Colonial Governance, Disaster, and the Social in Bhabani Bhattacharya's Novels of 1943 Bengal Famine
Keywords:
famine, caste, Bhabani Bhattacharya, anti-colonialism, disaster studiesAbstract
How does a creative writer, situated in a geography of disaster, represent a disaster? What happens if that writer is also a professional historian, journalist, or social scientist? Which areas or factors of the disaster are projected and which discarded? These are some of the questions that this article asks through a reading of the representation of the 1943-44 Bengal famine in Bhabani Bhattacharya’s novels. There are two-fold investigations here: the first section concerns the relations between late colonial governance, disaster, and violence in So Many Hungers! (1947), and the second analyses the role of caste, law, and subaltern agency in the famine times in He Who Rides a Tiger (1954). In doing so, the article also engages with the crisis in anti-colonial bourgeois leadership in India.
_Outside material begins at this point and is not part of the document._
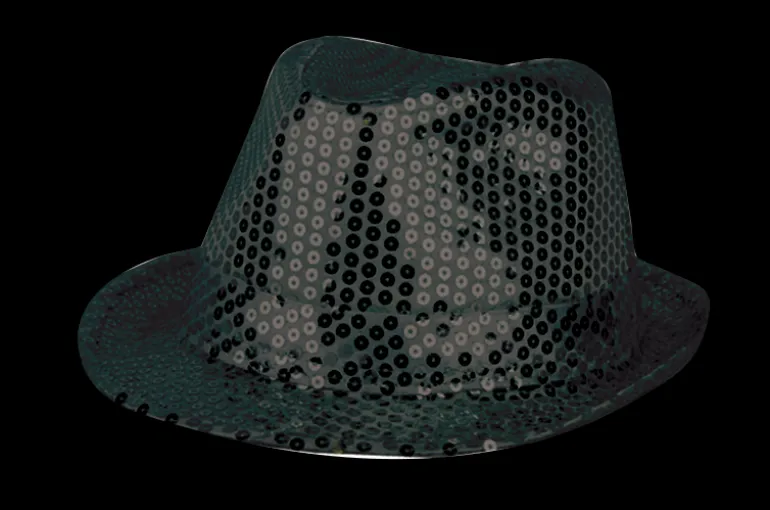 Chapeau de fête, noir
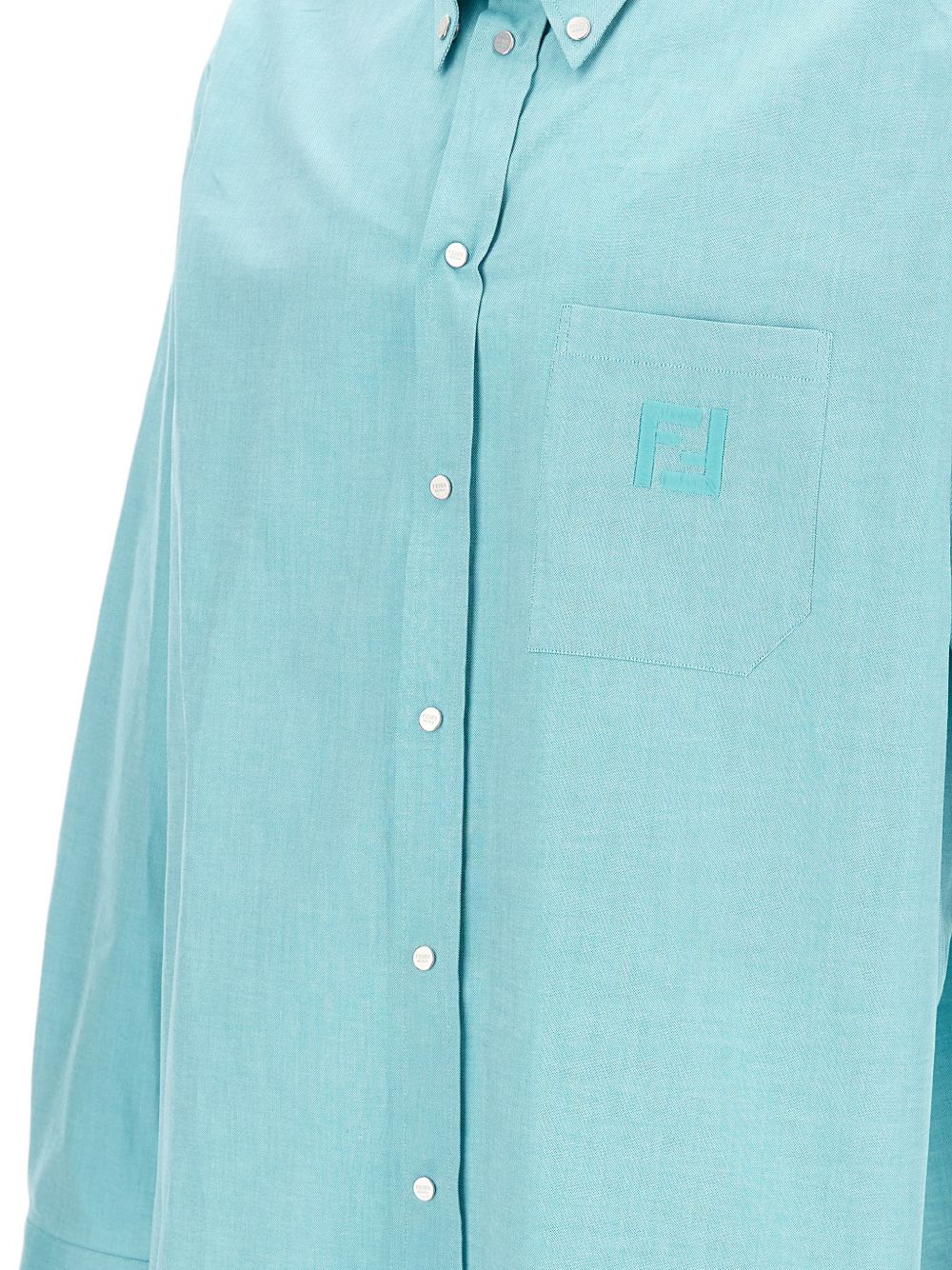 CAMISA OXFORD VERDE AGUAMARINA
It argues that the Second World War, the class-basis of the disaster, and the immediacy of suffering compel the writer to take a deeply analytical-ethnographic mode that has to also negotiate significantly with the literary. In a close study of the novels and their representation of the economic, historical, and political elements, the article attempts to situate through literature the wider horizons of the social in famine times.